NOTES TO CONDENSED UNAUDITED CONSOLIDATED FINANCIAL STATEMENTS

1.    BASIS OF PRESENTATION

      This Quarterly Report on Form 10-Q/A (Amendment No. 1) for the period 
      ended October 31, 1998 is being filed to reflect a change in the 
      accounting by Metallurg Holdings, Inc. ("Metallurg Holdings") for its 
      purchase of Metallurg, Inc. on July 13, 1998 and its calculation of 
      goodwill in accordance with APB No. 16, "Business Combinations". 
      Previously, a $3.5 million payment to cancel compensatory options of 
      Metallurg, Inc. was recorded as merger-related costs in the period June 
      10, 1998 (inception) to October 31, 1998 and Metallurg Holdings, Inc. 
      reported a net loss of approximately $8.4 million. The condensed 
      consolidated financial statements of Metallurg Holdings, Inc. and 
      related notes thereto are amended and restated in their entirety to 
      reflect the $3.5 million payment, net of taxes of $0.8 million, as a 
      component of the purchase price. Upon revision, (i) the excess of the 
      purchase price over the fair value of the net assets acquired was 
      approximately $102 million, versus $99.2 million previously reported, 
      (ii) goodwill amortization, net of tax, has been adjusted in the 
      periods ended October 31, 1998 and (iii) the net loss for the period is 
      reduced to approximately $5.6 million.

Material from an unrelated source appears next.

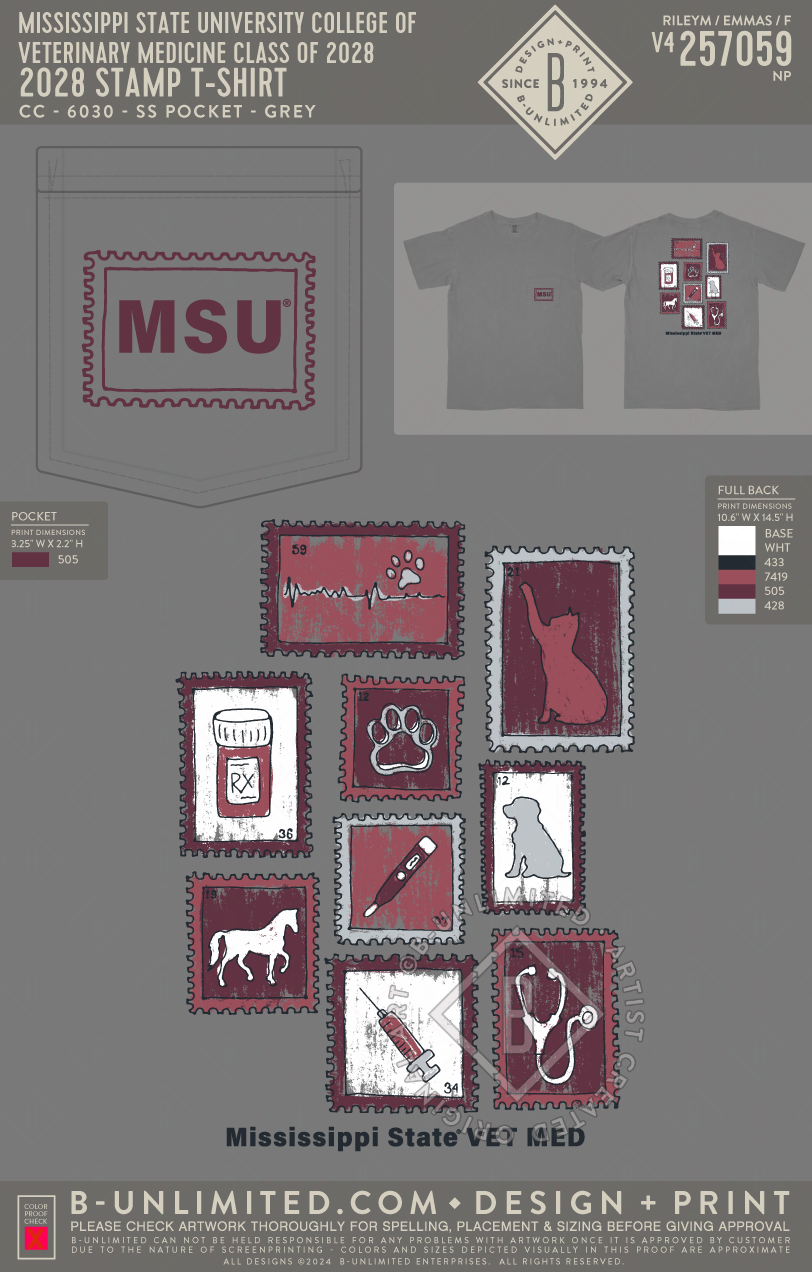 Mississippi State University College of Veterinary Medicine class of 2028 - 2028 Stamp T-shirt - CC - 6030 - SS Pocket - Grey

      Metallurg Holdings' accompanying condensed unaudited consolidated
      financial statements as of October 31, 1998 and for the periods ended
      October 31, 1998 include the accounts of Metallurg Holdings and its
      majority-owned subsidiaries (collectively, the "Company"). Metallurg,
      Inc.'s condensed consolidated financial statements for the quarter and the
      three quarters ended October 31, 1998 (unaudited), the quarter and the two
      quarters ended October 31, 1997 (unaudited), and March 31, 1997 (audited)
      and as of October 31, 1998 (unaudited), January 31, 1998 (audited) and
      March 31, 1997 (audited), include the accounts of Metallurg, Inc. and its
      majority-owned subsidiaries ("Metallurg"). These financial statements 
      have been prepared in accordance with generally accepted accounting 
      principles for interim financial information pursuant to Accounting 
      Principles Board ("APB") Opinion No. 28. Accordingly, they do not 
      include all of the information and footnotes required by generally 
      accepted accounting principles for complete financial statements. In the 
      opinion of management, all adjustments (consisting of normal recurring 
      adjustments) considered necessary for a fair presentation have been 
      included. Operating results for the interim periods presented are not 
      necessarily indicative of the results to be expected for a full year.

      On February 26, 1997, the Fourth Amended and Restated Joint Plan of
      Reorganization (the "Plan") of Metallurg, Inc. and one of its
      subsidiaries, Shieldalloy Metallurgical Corporation ("Shieldalloy"), was
      confirmed by the U.S. Bankruptcy Court for the Southern District of New
      York. Transactions contemplated by the Plan were consummated on April 14,
      1997 (the "Effective Date"). For financial reporting purposes, Metallurg
      has reflected the effects of the Plan consummation as of March 31, 1997.
      As a result of the consummation of the Plan and the adoption of
      fresh-start reporting under the American Institute of Certified Public
      Accountants' ("AICPA") Statement of Position 90-7, "Financial Reporting
      by Entities in Reorganization Under the Bankruptcy Code", financial
      statements for the quarter ended March 31, 1997, which includes the
      effects of the adoption of fresh-start reporting and consummation of the
      Plan, are referred to as the "Predecessor Company". Financial statements
      for periods subsequent to March 31, 1997 are referred to as the
      "Reorganized Company". The financial statements of Metallurg after
      consummation of the Plan are not directly comparable to Metallurg's
      financial statements of prior periods.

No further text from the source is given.